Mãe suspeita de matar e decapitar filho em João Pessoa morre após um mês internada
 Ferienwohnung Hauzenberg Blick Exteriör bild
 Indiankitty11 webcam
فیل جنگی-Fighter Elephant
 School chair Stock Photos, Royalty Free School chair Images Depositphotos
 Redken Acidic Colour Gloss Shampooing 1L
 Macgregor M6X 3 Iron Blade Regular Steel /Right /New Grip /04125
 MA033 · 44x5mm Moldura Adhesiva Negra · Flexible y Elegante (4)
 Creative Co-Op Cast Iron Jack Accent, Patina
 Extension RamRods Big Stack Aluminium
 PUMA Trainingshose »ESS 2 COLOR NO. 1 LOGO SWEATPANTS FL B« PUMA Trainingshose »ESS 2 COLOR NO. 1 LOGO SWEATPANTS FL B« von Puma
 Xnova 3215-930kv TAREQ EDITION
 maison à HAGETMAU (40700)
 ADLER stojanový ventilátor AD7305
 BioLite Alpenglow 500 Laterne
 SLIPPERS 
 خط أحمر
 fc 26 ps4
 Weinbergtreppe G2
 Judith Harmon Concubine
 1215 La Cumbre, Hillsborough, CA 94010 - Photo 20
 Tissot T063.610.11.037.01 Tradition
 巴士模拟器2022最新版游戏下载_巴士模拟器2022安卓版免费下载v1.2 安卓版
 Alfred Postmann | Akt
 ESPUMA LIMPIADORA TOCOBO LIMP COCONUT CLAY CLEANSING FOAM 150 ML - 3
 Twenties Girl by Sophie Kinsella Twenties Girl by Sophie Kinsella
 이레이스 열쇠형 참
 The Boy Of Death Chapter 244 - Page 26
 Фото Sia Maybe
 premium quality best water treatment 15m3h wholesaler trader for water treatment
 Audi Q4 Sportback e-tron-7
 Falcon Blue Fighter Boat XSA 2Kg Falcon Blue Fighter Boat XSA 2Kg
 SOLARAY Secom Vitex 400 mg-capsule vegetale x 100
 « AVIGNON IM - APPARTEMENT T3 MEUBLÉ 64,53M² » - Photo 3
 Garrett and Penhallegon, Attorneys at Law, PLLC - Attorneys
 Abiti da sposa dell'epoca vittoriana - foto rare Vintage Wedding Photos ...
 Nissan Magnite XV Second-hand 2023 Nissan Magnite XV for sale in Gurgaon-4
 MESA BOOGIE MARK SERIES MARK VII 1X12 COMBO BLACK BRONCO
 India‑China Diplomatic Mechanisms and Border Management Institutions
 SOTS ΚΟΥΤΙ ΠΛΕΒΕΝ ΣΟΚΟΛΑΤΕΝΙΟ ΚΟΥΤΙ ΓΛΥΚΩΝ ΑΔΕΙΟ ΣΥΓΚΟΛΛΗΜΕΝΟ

§ WHAT YOU NEED TO DO
Write the entries out once more, exactly as they were given.

§ SOLUTION
Mãe suspeita de matar e decapitar filho em João Pessoa morre após um mês internada
 Ferienwohnung Hauzenberg Blick Exteriör bild
 Indiankitty11 webcam
فیل جنگی-Fighter Elephant
 School chair Stock Photos, Royalty Free School chair Images Depositphotos
 Redken Acidic Colour Gloss Shampooing 1L
 Macgregor M6X 3 Iron Blade Regular Steel /Right /New Grip /04125
 MA033 · 44x5mm Moldura Adhesiva Negra · Flexible y Elegante (4)
 Creative Co-Op Cast Iron Jack Accent, Patina
 Extension RamRods Big Stack Aluminium
 PUMA Trainingshose »ESS 2 COLOR NO. 1 LOGO SWEATPANTS FL B« PUMA Trainingshose »ESS 2 COLOR NO. 1 LOGO SWEATPANTS FL B« von Puma
 Xnova 3215-930kv TAREQ EDITION
 maison à HAGETMAU (40700)
 ADLER stojanový ventilátor AD7305
 BioLite Alpenglow 500 Laterne
 SLIPPERS 
 خط أحمر
 fc 26 ps4
 Weinbergtreppe G2
 Judith Harmon Concubine
 1215 La Cumbre, Hillsborough, CA 94010 - Photo 20
 Tissot T063.610.11.037.01 Tradition
 巴士模拟器2022最新版游戏下载_巴士模拟器2022安卓版免费下载v1.2 安卓版
 Alfred Postmann | Akt
 ESPUMA LIMPIADORA TOCOBO LIMP COCONUT CLAY CLEANSING FOAM 150 ML - 3
 Twenties Girl by Sophie Kinsella Twenties Girl by Sophie Kinsella
 이레이스 열쇠형 참
 The Boy Of Death Chapter 244 - Page 26
 Фото Sia Maybe
 premium quality best water treatment 15m3h wholesaler trader for water treatment
 Audi Q4 Sportback e-tron-7
 Falcon Blue Fighter Boat XSA 2Kg Falcon Blue Fighter Boat XSA 2Kg
 SOLARAY Secom Vitex 400 mg-capsule vegetale x 100
 « AVIGNON IM - APPARTEMENT T3 MEUBLÉ 64,53M² » - Photo 3
 Garrett and Penhallegon, Attorneys at Law, PLLC - Attorneys
 Abiti da sposa dell'epoca vittoriana - foto rare Vintage Wedding Photos ...
 Nissan Magnite XV Second-hand 2023 Nissan Magnite XV for sale in Gurgaon-4
 MESA BOOGIE MARK SERIES MARK VII 1X12 COMBO BLACK BRONCO
 India‑China Diplomatic Mechanisms and Border Management Institutions
 SOTS ΚΟΥΤΙ ΠΛΕΒΕΝ ΣΟΚΟΛΑΤΕΝΙΟ ΚΟΥΤΙ ΓΛΥΚΩΝ ΑΔΕΙΟ ΣΥΓΚΟΛΛΗΜΕΝΟ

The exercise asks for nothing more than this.